A pretty fantastic, pause-worthy Sonoma Chardonnay expression at that. “As to using [feral] on a Chardonnay label, it sounds a little hopeful and likely dreamt up by the marketing department,” says Betts.

We had a similar initial reaction, which prompted us to clarify the definition with Betts and also check in with the La Follette folks. They assured us that the wine label descriptions are “All Greg!”

Greg La Follette Tasting Wine With Assistant Winemaker Simone Sequeria; Credit: La Follette Winery

Greg La Follette Tasting Wine With Assistant Winemaker Simone Sequeria; Credit: La Follette Winery

“Without knowing which specific wine… the [feral] exception would be someone who is truly doing something different than most Chardonnay, like oxidizing it or allowing tons of botrytis to occur, etc.,” continues Betts.
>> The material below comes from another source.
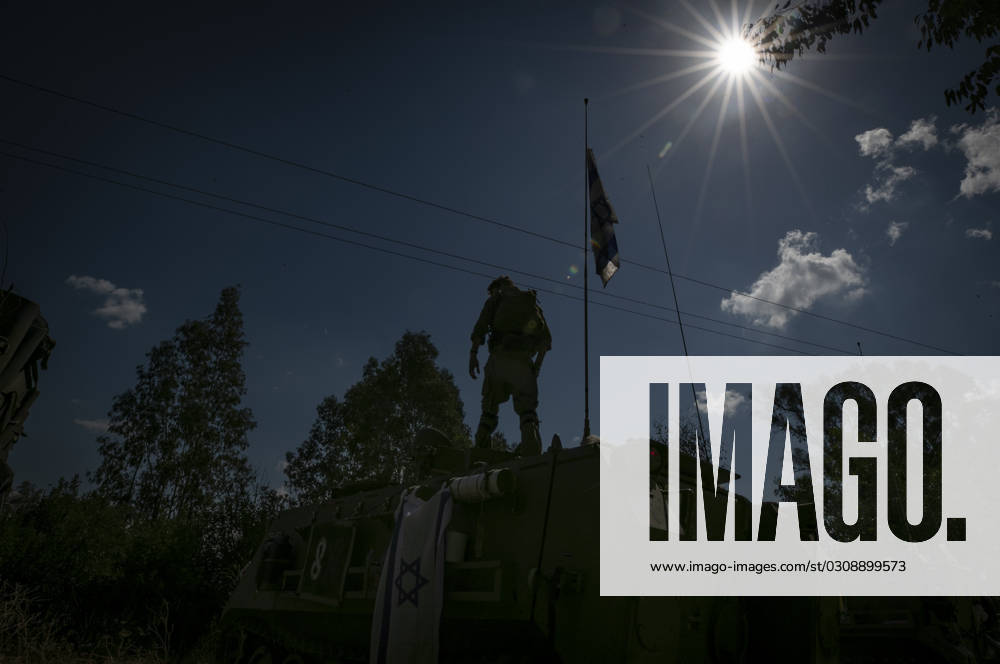 (231017) -- JERUSALEM, Oct. 17, 2023 -- This photo taken on Oct. 16, 2023 shows an Israeli soldier on a military vehicle at a camp near the Israeli-Lebanese border in northern Israel. The Israeli-Lebanese border has seen an escalation of tensions since last week as Hezbollah fired tens of rockets at Israeli military sites on Oct. 8 in support of an onslaught by the Gaza-ruling Palestinian Islamic Resistance Movement (Hamas) on Israel on Oct. 7. Hezbollah on Monday announced that it targeted five Israeli sites with rocket-propelled grenades and machine guns and inflicted Israeli injuries, to which Israel responded by firing seven missiles toward Hezbollah positions in the border town of Rmeish and shelling several Lebanese areas. ) ISRAEL-L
An exception, perhaps, like a winemaker tackling Chardonnay who has a reputation for Pinot Noir complexity. A winemaker like La Follette. Either way, we'll leave you to decide whether this particular wine truly has feral qualities, or whether it's simply an awfully good Chardonnay with a flavor profile deep within that bottle that we can't quite put a finger on. The latter description, actually, might just get us right back to “feral.”

La Follette 2010 Sangiacomo Vineyard Chardonnay is available locally at LA Wine Co.